Setup: M5 Pro (18-core, 64GB), MPS backend, 5-min budget. 4 program.md variants, same starting train.py.
Arm 4 reached a better config in fewer trials. Arms 2 and 3 ran longer but didn't reach the same level. The uneven experiment counts are a limitation — ideally each arm would run the same number.
What the reflective agent did differently:
The agent maintains a
beliefs.mdfile (max 20 beliefs, rewritten not appended). Before each experiment it writes a prediction with reasoning. After, it compares prediction vs reality and identifies which belief was wrong.My working hypothesis is that forcing explicit predictions makes the agent expose its internal assumptions, and attribution turns failed runs into updates rather than just logs.
By experiment ~10, the agent had learned "MPS throughput is the binding constraint." It combined this with "softcap removal helps convergence" to reason: try a shallower model (depth=3) → more training steps in 5 minutes → wins. This hypothesis did not emerge in the other arms over the runs shown.
Prediction calibration appeared to improve over the run. Measuring gap as absolute error |predicted − actual| in val_bpb: first-half mean gap was 0.066, second-half was 0.019 (n=26 total, so treat as suggestive).
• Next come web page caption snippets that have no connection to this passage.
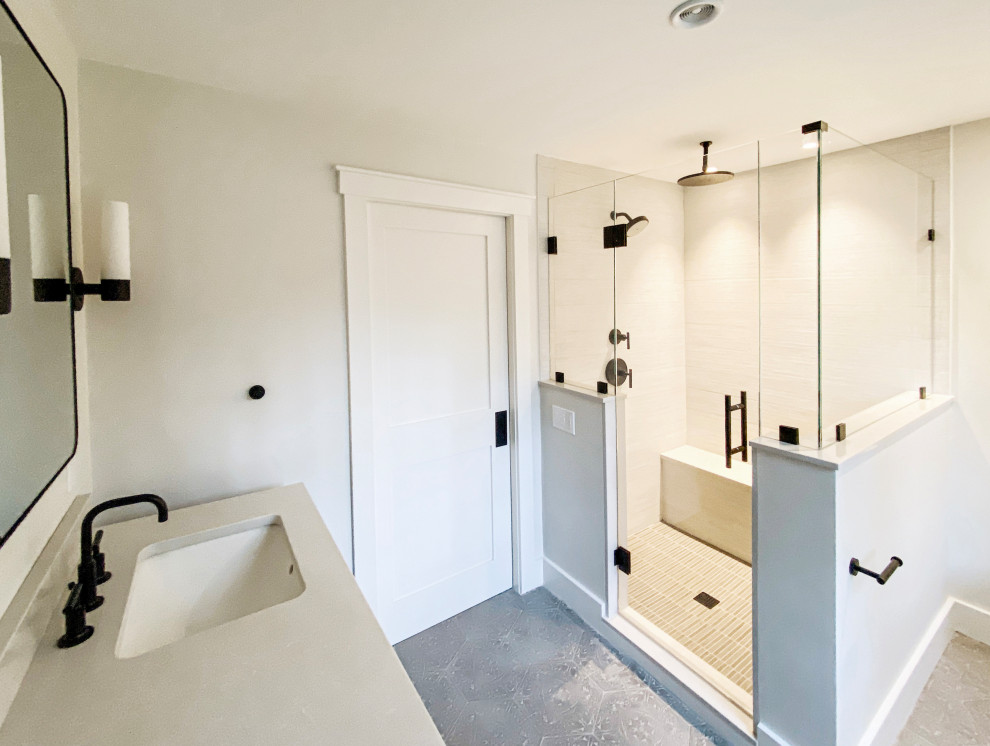 Photo of a large contemporary master bathroom in Boston with shaker cabinets, black cabinets, a corner shower, a two-piece toilet, white walls, cement tiles, an undermount sink, quartzite benchtops, grey floor, a hinged shower door and white benchtops.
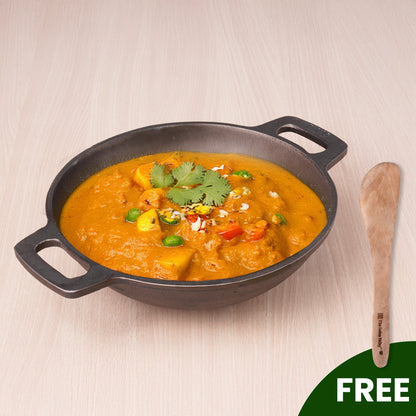 Black skillet with orange curry dish on a light wooden surface, featuring a wooden spatula.
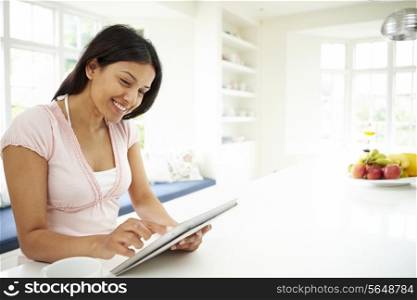 Indian Woman Using Digital Tablet At Home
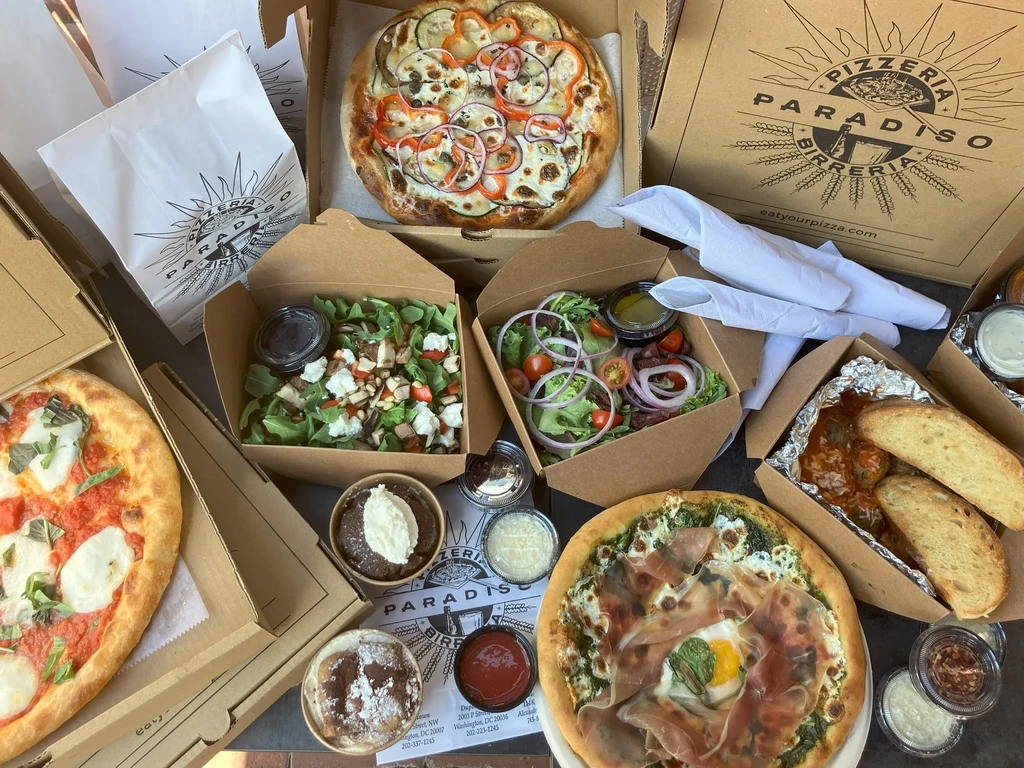 Pizzeria Paradiso takeout spread: three pizzas, salads, meatballs, and desserts.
The baseline agent found batch 8K at experiment 5, then spent 20 experiments without further improvement.
Intervention is minimal: just changes to program.md + one markdown file. No infra, no databases, no fine-tuning.
Repo: https://github.com/Hzz-Git/reflective-autoresearch
This is one run on MPS. Curious if others see similar patterns on different hardware. CUDA/H100 results especially welcome since throughput dynamics would be different.